Definitely a lack of communication between the paras and MP's coupled with not enough ammunition. Complacency and negligence is a definite killer. Of course the Iraqi's werent taking prisoners either. The Brits never did retaliate. Brave men put into an impossible situation.


----------



## daftandbarmy (20 Dec 2007)

Any word on the role of the Bde Comd in enforcing this type of complacency? The CO may have been reamed out at some point for being too aggressive resulting in this kind of slack appraoch. I've seen this happen before: Bde Comd vs. Bn Comd, guess who wins? it 'aint pretty but it happens.


----------



## Kirkhill (21 Dec 2007)

D&B, are you suggesting that the "real" Army still finds the Maroon Machine overly aggressive for their taste?


----------



## daftandbarmy (21 Dec 2007)

You bet they do, with good reason. 

In my experience we weren't 'better' or 'more skilled' than the rest of the army, just more committed to getting the job done at all levels. This wasn't what I would call 'aggression' more like mission focus and fierce pride in accomplishement. Call it a Type A regimental personality if you like. 

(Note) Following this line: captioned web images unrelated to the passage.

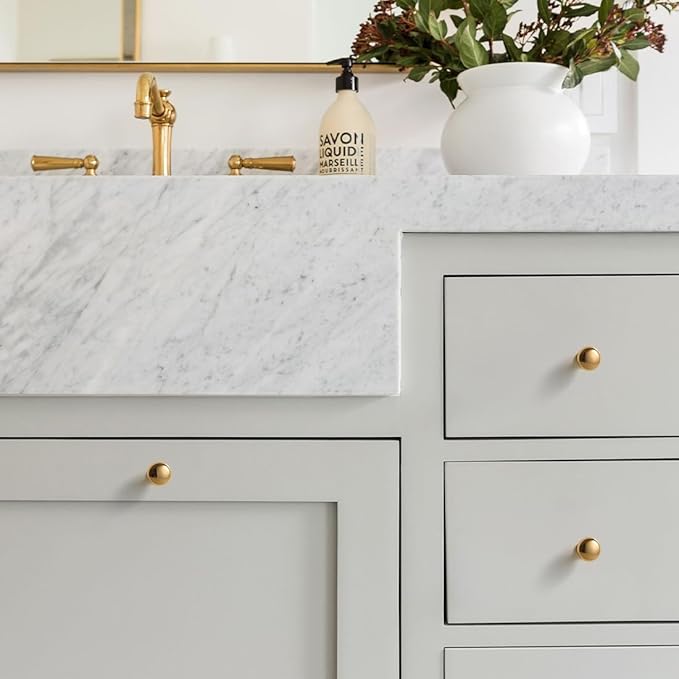 YAGU Modern Solid Cabinet Knobs, 5 Pack Bright Gold, Kitchen Drawer Knob Dresser Polished Brass Hardware Cupboard Bathroom Furniture Closet Pulls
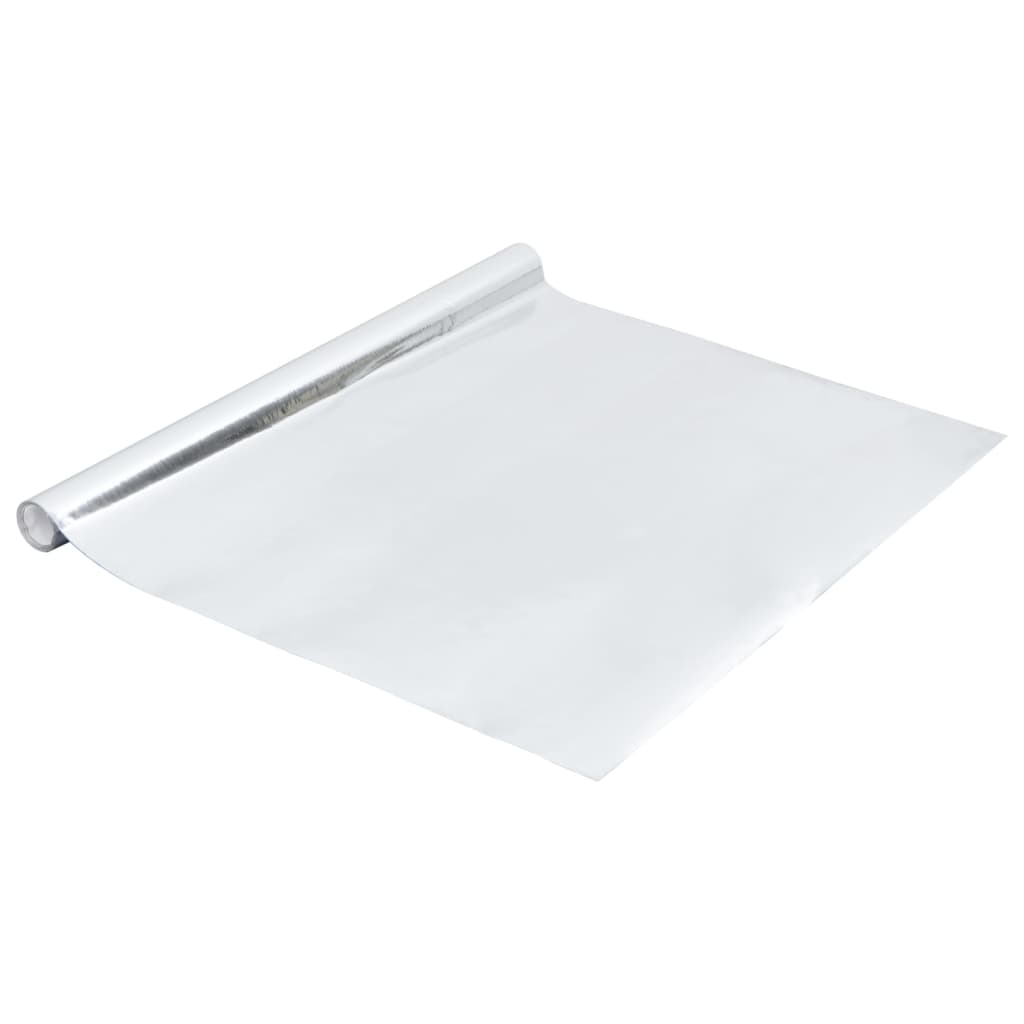 vidaXL Selbstklebende Möbelfolie Hochglanz-Silbern 500x90 cm PVC
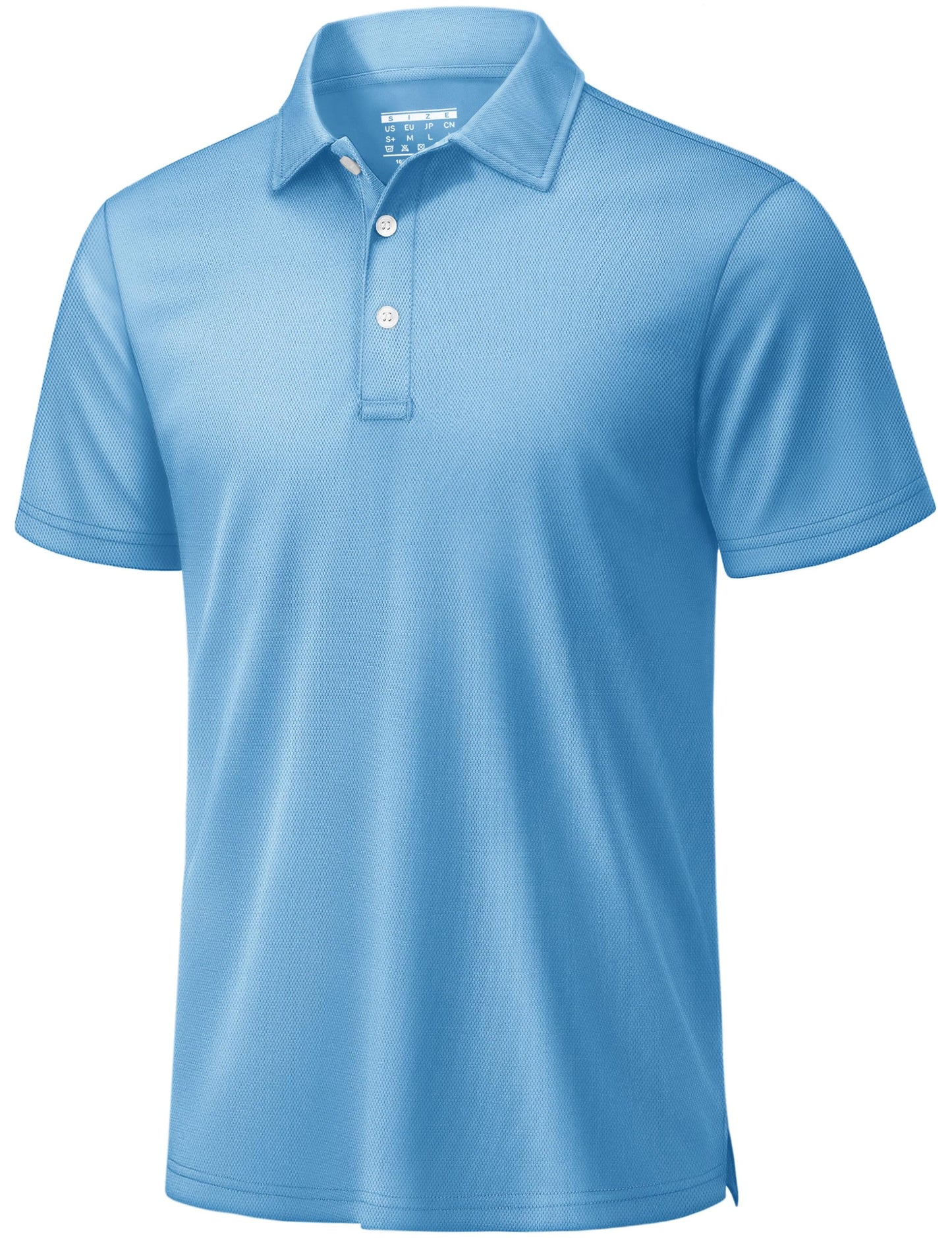 TACVASEN Mens Golf Shirt Dry Fit Mens Polo Shirts Short Sleeve Performance Golf Polos for Men with Collar Work Shirts Sky Blue, S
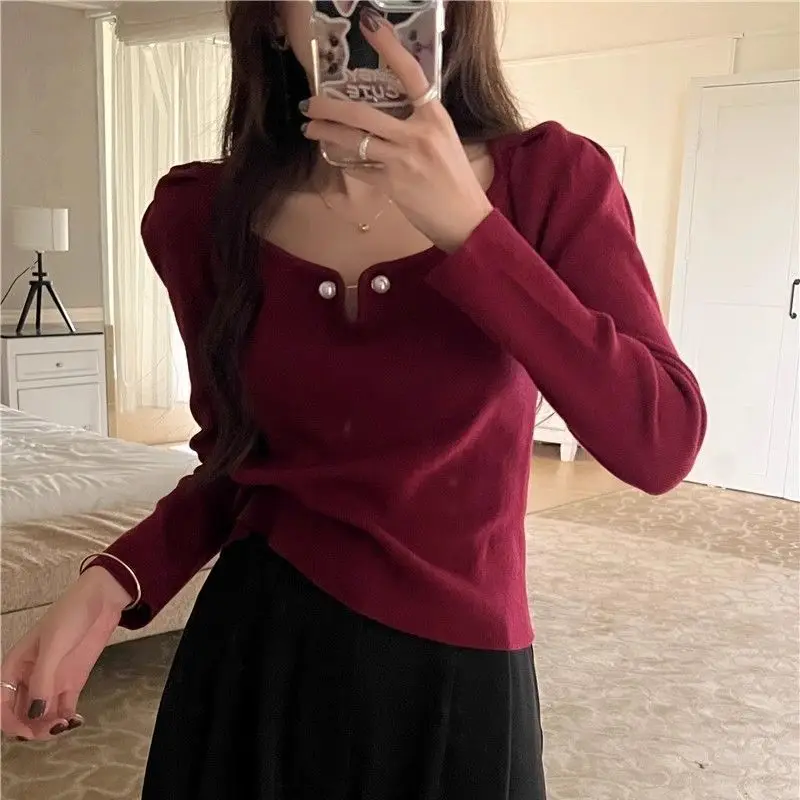 البلوزات لاعبا البلوفرات امرأة بوس السيدات قاع قميص قريب المناسب BF Y2K سيدة تخفيف اليومية قاعدة طبقة الخريف الشتاء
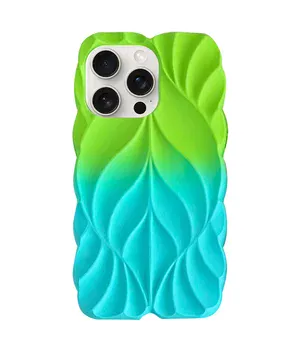 TPU чохол Leaf для Apple iPhone 16 Pro (6.3") Green / Aqua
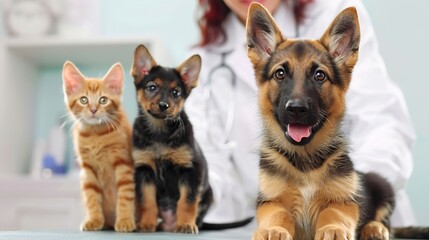 Vet examining dog and cat Puppy and kitten at veterinarian doctor Animal clinic Pet check up and vaccination Health care : Generative AI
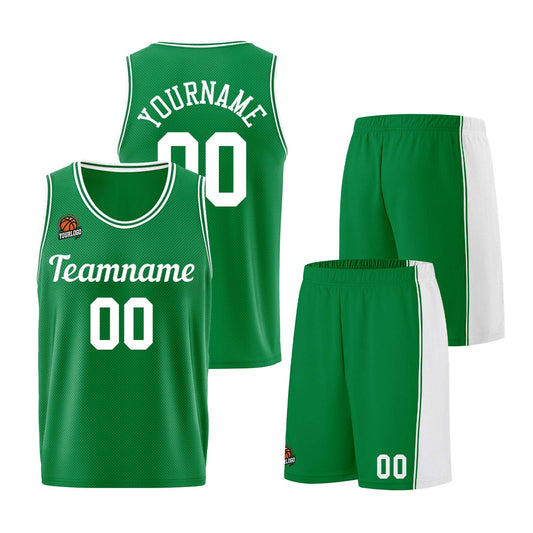 Individuelle Kelly Grün Weiß Basketball Jersey Shorts für Männer und Frauen Gestickter und gedruckter Name, Nummer und Logo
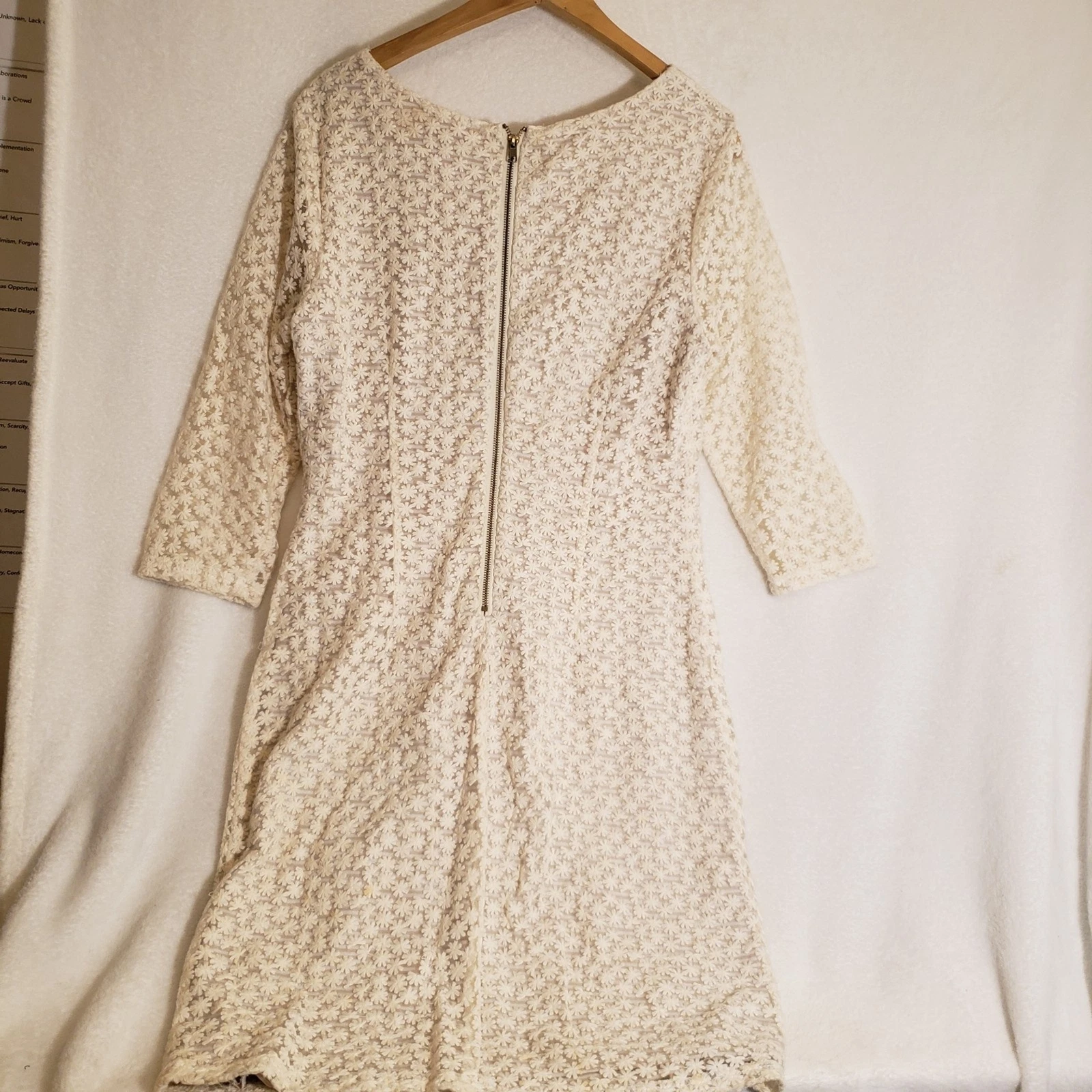 OFF WHITE Abito Gibson Latimer 14 ricamato pizzo fiori bianco sporco foderato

I never had to worry about my guys sending in false reports and plate checks from the sauna (as I saw happen with a famous and not to be named Guards regiment) or being chased out of a tough ghetto area in downtown Belfast by a bunch of rock-throwing children (as I saw happen to an unamed county regiment), or have dozens of soldiers casevaced from an exercise with hypothermia because they didn't look after themselves properly (as I saw happen to an equally famous country regiment). God help me if I ever even considered not getting the job 'done right' as my signaller would have kicked my ass.

If the Paras were slacking off in Iraq like that, my guess is that someone lowered the boom on the CO from above.


----------



## Kirkhill (21 Dec 2007)

Ancient Tale (related second hand).

When the Parachute Regiment was formed the Guards were mighty miffed by the declaration that this bunch of "thugs and hoodlums" were being called elite.  The Guards response was to determine that if there was going to be an elite then they needed to be part of it.  Consequently during the post war down-sizing the 1st Battalion was redesignated 1st (Guards) The Parachute Regiment.  That lasted a little while until the whole idea was dropped and the Guards opted for a Pathfinder association and an SAS squadron association. (You know this better than I do D&B).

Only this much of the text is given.